Di fatto, però, fu il Teatro delle Marionette a dare pratica vita a tali fonti, a farli divenire così popolari fino alle ricerche più scientifiche, mentre nel contempo tali leggende trasmigravano nei cartelloni dei cantastorie ai crocicchi delle strade di campagne e nelle piazze dei borghi tedeschi e siciliani. Dopo, vi fu una tradizione successiva che non solo fece da ponte fra i papiri medievali e le cantate popolari, ma che riassunse tale letteratura, il terreno su cui germinarono ipotesi di verità che fecero la storia e le cronache, rischiando però di mischiare il vero dal falso.
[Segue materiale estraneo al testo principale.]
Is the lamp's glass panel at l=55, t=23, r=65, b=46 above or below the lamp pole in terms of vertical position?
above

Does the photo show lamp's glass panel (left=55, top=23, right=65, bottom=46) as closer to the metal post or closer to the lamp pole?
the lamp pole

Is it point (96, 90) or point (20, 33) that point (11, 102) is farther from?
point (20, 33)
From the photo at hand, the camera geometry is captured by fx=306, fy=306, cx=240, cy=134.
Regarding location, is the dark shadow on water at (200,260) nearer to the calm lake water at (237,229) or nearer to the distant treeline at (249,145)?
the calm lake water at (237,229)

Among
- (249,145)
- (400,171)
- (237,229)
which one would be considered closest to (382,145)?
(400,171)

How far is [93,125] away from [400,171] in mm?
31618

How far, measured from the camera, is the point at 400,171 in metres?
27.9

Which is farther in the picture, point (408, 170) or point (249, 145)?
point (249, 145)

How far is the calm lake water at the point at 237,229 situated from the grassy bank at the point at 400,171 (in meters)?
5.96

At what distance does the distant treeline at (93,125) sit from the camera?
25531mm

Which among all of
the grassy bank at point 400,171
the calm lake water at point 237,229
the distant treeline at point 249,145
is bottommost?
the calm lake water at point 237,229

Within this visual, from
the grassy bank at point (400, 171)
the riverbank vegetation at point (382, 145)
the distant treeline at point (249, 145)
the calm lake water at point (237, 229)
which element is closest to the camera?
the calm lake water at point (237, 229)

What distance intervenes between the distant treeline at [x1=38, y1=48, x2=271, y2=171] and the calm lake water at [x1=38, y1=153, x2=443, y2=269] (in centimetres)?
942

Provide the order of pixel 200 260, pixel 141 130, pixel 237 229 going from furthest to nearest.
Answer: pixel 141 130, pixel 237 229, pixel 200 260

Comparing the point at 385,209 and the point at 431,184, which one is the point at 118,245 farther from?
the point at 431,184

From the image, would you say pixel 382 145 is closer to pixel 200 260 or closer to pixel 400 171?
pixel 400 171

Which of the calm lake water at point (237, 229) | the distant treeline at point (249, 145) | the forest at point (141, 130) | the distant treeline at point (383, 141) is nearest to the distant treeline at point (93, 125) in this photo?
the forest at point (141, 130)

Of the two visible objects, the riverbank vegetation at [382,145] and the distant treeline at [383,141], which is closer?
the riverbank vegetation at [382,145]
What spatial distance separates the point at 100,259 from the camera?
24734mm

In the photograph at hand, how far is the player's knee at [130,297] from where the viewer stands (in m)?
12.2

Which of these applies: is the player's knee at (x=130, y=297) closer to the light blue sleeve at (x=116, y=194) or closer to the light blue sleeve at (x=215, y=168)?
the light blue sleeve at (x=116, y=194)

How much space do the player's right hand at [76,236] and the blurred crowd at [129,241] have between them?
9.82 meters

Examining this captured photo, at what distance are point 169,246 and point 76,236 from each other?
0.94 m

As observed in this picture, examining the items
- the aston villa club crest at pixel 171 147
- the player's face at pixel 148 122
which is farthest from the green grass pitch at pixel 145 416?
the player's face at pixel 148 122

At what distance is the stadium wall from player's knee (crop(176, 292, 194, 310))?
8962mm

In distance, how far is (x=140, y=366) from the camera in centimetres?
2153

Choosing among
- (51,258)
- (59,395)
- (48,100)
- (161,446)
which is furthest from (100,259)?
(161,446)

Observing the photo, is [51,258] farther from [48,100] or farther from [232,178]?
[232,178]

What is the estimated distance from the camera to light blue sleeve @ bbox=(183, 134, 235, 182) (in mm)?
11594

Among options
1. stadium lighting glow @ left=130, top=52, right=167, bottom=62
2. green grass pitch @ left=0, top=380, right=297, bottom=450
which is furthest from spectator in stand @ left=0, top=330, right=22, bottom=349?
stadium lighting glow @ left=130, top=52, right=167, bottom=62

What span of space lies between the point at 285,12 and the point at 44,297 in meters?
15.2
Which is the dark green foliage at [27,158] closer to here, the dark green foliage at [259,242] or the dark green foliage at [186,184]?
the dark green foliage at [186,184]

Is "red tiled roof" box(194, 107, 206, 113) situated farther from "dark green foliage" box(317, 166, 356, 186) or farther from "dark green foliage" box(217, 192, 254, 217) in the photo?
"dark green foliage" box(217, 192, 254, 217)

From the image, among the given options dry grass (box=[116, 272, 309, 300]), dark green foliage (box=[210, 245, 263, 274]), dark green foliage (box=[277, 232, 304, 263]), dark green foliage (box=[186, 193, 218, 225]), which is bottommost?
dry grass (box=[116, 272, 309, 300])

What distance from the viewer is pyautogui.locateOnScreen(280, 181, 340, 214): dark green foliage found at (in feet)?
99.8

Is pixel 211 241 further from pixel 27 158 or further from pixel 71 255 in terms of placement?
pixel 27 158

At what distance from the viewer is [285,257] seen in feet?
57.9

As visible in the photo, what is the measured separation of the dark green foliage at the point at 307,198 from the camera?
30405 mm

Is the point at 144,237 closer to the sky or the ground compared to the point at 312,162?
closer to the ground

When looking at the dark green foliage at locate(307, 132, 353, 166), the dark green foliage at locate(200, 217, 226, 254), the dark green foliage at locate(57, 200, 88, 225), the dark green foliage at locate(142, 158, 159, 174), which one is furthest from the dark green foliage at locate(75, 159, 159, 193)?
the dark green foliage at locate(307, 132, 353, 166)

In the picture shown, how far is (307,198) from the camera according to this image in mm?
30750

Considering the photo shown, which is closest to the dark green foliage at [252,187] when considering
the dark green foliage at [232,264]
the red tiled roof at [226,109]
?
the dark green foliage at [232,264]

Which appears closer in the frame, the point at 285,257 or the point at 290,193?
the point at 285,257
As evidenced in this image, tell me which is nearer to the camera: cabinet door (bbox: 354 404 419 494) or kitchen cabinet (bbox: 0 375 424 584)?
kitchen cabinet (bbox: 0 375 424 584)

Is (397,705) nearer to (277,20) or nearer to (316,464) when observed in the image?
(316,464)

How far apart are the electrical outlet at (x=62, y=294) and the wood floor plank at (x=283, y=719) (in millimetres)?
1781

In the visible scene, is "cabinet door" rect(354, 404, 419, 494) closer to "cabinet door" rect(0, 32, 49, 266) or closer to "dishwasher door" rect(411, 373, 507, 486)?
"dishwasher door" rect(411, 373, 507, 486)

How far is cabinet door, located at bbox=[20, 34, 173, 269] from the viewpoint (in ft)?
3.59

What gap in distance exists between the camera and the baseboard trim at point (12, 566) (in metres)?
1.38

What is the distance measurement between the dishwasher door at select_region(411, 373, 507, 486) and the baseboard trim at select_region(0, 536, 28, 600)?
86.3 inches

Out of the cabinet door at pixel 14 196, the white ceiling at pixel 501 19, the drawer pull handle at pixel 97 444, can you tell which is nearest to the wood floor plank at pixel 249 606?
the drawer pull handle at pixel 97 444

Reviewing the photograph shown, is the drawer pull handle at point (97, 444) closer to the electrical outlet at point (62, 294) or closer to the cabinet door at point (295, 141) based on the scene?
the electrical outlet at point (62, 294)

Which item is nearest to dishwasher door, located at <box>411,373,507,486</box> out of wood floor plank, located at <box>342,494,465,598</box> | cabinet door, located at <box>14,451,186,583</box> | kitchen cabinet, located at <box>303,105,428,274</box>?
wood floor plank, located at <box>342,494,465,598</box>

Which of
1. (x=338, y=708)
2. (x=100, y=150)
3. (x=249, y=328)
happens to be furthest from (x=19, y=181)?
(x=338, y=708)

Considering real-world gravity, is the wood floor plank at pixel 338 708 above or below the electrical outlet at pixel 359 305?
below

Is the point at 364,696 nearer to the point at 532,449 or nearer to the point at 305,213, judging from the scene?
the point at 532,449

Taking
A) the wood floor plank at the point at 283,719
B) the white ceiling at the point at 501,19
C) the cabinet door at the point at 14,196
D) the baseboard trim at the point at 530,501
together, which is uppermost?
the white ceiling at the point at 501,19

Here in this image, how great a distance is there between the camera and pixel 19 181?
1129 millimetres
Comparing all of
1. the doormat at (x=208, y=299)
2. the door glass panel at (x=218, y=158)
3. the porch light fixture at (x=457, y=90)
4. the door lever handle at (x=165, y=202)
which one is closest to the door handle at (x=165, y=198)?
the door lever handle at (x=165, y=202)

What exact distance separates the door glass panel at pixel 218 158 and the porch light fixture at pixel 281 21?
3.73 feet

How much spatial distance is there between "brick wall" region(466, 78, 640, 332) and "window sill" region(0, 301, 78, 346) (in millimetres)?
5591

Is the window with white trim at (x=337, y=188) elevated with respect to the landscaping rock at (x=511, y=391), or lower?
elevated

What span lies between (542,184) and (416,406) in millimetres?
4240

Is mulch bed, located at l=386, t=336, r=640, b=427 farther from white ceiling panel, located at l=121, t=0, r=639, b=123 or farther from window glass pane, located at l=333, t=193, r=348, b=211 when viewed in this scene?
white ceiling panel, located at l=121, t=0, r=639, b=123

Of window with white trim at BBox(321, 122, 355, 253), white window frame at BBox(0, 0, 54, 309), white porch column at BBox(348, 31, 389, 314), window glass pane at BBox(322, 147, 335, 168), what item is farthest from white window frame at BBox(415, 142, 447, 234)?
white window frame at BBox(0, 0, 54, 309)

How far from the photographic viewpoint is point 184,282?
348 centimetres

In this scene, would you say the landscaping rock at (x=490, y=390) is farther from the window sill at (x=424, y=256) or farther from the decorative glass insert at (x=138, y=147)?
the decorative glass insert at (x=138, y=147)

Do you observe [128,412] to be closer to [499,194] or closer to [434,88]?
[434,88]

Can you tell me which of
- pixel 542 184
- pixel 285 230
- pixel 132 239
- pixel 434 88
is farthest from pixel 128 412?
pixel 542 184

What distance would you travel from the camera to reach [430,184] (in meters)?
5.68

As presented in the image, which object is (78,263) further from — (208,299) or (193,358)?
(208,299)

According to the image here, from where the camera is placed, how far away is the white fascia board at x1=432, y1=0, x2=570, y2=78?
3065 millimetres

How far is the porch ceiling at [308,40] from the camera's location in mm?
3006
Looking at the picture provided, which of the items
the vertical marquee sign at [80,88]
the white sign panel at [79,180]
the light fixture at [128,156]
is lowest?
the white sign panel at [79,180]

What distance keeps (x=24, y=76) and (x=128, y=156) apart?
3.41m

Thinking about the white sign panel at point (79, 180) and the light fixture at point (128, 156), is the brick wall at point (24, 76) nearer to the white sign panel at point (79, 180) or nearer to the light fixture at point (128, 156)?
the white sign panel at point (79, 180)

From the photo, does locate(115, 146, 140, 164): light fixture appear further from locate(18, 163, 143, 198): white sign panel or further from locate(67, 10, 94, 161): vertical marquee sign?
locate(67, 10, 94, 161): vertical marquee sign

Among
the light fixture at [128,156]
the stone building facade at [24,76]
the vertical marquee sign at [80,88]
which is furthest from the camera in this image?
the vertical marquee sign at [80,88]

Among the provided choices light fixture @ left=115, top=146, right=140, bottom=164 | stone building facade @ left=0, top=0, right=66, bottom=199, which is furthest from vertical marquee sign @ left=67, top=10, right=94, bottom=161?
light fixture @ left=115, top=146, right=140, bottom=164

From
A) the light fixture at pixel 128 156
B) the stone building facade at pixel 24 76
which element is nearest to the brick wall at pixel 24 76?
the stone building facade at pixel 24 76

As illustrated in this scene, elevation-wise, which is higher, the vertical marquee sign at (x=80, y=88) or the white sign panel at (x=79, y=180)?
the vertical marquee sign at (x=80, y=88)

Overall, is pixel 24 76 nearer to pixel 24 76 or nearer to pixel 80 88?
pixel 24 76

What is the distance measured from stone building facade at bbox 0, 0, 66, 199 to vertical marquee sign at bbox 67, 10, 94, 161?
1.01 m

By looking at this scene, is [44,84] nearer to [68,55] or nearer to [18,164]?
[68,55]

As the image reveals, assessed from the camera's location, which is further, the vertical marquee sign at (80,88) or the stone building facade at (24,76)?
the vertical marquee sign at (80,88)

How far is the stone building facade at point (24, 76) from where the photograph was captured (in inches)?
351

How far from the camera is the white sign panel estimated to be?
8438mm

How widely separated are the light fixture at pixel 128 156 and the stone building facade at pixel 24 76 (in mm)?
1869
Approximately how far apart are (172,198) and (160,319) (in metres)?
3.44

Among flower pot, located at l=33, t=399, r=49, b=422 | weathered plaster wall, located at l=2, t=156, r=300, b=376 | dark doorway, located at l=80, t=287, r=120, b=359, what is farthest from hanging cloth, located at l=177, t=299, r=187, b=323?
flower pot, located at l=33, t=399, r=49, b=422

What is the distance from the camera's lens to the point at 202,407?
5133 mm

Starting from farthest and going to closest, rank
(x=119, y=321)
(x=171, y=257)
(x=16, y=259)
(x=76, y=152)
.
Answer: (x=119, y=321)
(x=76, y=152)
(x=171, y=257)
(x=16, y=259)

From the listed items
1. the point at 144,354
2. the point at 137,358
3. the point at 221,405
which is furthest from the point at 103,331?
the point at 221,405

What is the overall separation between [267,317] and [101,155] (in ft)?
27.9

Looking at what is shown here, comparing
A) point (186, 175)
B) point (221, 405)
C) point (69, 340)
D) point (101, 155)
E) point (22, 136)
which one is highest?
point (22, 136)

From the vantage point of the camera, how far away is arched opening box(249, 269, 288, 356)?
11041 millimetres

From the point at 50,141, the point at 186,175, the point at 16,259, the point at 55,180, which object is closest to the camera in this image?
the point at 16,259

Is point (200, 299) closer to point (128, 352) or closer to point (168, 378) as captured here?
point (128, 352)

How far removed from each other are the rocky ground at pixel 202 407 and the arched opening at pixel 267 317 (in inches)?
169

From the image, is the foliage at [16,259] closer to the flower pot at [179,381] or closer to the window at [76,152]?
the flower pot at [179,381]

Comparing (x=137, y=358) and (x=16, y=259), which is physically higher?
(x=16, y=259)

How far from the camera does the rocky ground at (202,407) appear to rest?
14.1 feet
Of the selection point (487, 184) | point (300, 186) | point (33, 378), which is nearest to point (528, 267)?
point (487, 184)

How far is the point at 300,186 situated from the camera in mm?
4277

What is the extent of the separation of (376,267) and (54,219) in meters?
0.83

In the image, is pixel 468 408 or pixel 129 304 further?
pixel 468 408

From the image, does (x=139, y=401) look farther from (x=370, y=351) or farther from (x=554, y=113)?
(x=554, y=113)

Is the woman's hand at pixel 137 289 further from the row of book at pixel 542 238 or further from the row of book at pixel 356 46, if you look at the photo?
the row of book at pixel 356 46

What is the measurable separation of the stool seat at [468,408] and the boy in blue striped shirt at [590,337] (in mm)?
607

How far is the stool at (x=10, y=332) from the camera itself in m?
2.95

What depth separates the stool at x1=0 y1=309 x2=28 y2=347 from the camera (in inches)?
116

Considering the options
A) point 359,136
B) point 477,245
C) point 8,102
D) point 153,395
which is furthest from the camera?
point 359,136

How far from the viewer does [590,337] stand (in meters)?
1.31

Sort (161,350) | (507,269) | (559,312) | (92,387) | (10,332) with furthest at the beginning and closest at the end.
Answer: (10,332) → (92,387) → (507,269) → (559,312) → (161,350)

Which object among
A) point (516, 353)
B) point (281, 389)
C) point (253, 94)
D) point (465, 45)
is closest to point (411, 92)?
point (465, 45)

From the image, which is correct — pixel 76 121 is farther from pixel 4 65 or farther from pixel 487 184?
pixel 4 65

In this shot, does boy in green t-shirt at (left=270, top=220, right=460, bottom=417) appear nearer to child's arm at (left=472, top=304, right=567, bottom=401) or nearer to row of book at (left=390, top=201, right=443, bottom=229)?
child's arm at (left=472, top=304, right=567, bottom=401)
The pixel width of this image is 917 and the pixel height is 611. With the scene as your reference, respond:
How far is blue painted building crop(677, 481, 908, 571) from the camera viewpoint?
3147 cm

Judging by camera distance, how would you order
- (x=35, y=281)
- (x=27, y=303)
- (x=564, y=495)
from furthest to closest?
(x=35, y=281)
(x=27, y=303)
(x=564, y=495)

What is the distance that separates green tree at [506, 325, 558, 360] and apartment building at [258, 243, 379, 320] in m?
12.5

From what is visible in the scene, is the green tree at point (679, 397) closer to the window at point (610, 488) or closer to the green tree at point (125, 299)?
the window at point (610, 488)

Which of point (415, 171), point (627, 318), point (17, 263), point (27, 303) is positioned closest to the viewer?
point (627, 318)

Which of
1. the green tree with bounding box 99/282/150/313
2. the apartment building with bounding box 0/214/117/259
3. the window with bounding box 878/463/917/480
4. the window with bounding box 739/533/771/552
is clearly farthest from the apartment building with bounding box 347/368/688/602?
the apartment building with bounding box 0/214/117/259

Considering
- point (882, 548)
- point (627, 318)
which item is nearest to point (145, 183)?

Fu il caso degli eroi popolari, prima briganti e poi personaggi che assunsero un livello di santità laica, dove la differenza fra giustizia e legalità, veniva fagocitata dalle forme di cambiamento sociale invocate per colmare le ineguaglianza secolari, come nel caso di Garibaldi e di Salvatore Giuliano. Tale tradizione – fra quella dei meri amanuensi medievali fino ai cantastorie di strada a metà ‘800 – produsse un nuovo Teatro delle Marionette, nella cui elaborata revisione la tendenza a tramutare un bandito di strada a un eroe popolare, venne spesso corretta e riadattata, riletta e riveduta per secondare gli interessi delle classi popolari, raffinandone la sete di giustizia attraverso un estetica più storicamente attendibile. Quasi un un cinema popolare che spiegava le storiche differenze sociali che la parola scritta non era stata sufficiente a diffondere e a motivare, spesso attardata a difendere le classi governative favorevoli ad un teatro di maniera, sordo alla domanda di rinnovamento sociale che in tale sede stava emergendo.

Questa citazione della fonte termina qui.